It’s not much, but supporters say even a little bit can make a big difference in academic success for students.
The state is doling out $900,000 to 200 schools to expand breakfast opportunities for students, and three local winners nabbed nearly $10,000.
Gov. Tom Wolf announced the grant recipients Wednesday, the inaugural round of his “School Breakfast Initiative.” The money is to be used to “increase and sustain breakfast participation by 20 percent by implementing or expanding alternative breakfast options,” according to a press release.
Such options include the idea of “grab-and-go” breakfasts, breakfast in the classroom, and “second chance breakfasts” available during a study hall or similar period, the release states.
The local recipients and amounts they are getting: Dallas High School, $2,825, Pittston Area High School, $3,310, and Wilkes-Barre Area Career and Technical Center, $3,689.
“A healthy breakfast helps students begin the school day ready to learn and succeed,” Wolf said in the release. “These school breakfast grants are an investment in the lives of thousands of children. When kids start the day with the nutrition they need, they grow up smarter, healthier, and stronger – and that means a smarter, healthier, stronger Pennsylvania.”
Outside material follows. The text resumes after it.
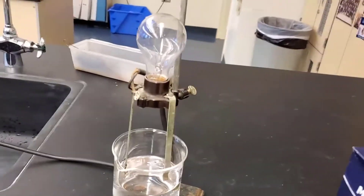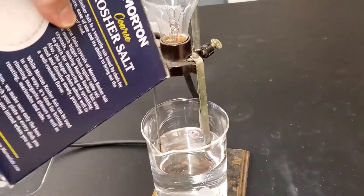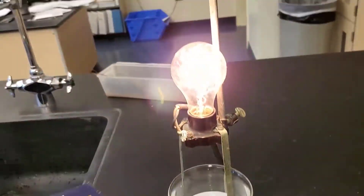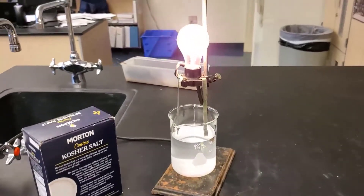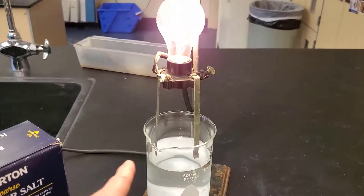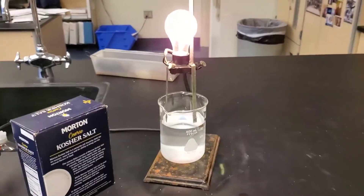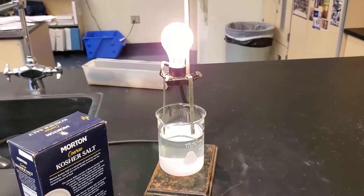Let's take an ionic compound like salt and start adding it and see what happens. The light bulb lit because this ionic compound has dissolved into ions, and it's allowing a charge to go from one electrode to another to complete the circuit. So there's a property of ionic compounds — they conduct when dissolved in water.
Supporters of such programs argue the evidence is overwhelming: Students grappling with hunger issues at home, or failing to get adequate nutrition are far more likely to fail at school. While government programs have long focused on subsidizing school lunches for low-income students, efforts to expand school breakfast programs are a relatively new idea, and one of the problems has been getting breakfasts to students who do not arrive early enough for a separate serving. The “alternative breakfast option” idea has appeal because it works to get some food to the student on their specific schedules.